Third Quarter 2018 Revised Productivity and Unit Labor Costs
Submitted by Atlas Indicators Investment Advisors on December 10th, 2018
Productivity gains were marginally better in the third quarter of 2018 according to revised data from the Bureau of Labor Statistics. Their updated estimate puts productivity at 2.3 percent, up 0.1 percentage point from the initial tally. Despite this uptick, productivity slowed from 2.9 percent in the second quarter of this year. Additionally, unit labor costs were downwardly revised to a 0.9 percent increase versus 1.2 percent in the first count, but even the slower gain is an increase versus the prior the second quarter's decline of 1.0 percent.
Two factors go into productivity. The first is output; this describes what our economy produced during a specific period, similar to gross domestic product. The BLS indicates output increased 4.1 percent on a seasonally adjusted annualized rate (SAAR), unchanged from the first estimate but slowing from 5.0 percent in the prior period. Secondly, labor hours are needed to calculate productivity. Hours worked increased 1.8 percent across the entire economy. Combing the two, it took 1.8 percent more hours worked to increase output 4.1 percent. America was more productive in the third quarter, but, as mentioned earlier, the rate of improvement slowed.
In addition to productivity, one other variable is needed to calculate changes to unit labor costs: hourly compensation growth. This measure of pay was downwardly revised to 3.1 percent from 3.5 percent. This pushed the unit labor costs down to 0.9 percent from the earlier mentioned 1.2 percent, boding well for inflation data since labor costs are often a firm’s greatest production cost.

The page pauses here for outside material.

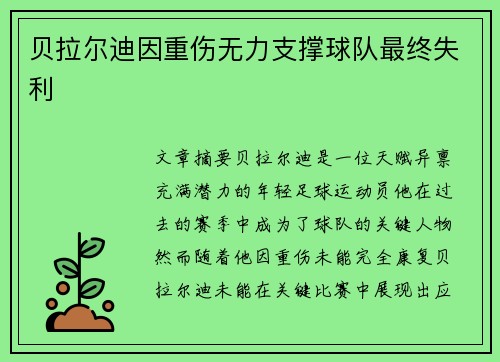 贝拉尔迪因重伤无力支撑球队最终失利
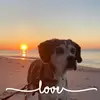 tarapetty735 - @tarapetty735 - TikTok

This indicator remains positive as productivity continued growing. Unfortunately, it is backward looking, and other coincident and forward-looking indicators are less encouraging. Time will tell, but there is a sense here at Atlas that the second quarter of 2018 will be viewed as a recent peak in economic activity growth. Deceleration has set in, so future iterations of productivity are probably not going to look as good as the second and third quarters of this year.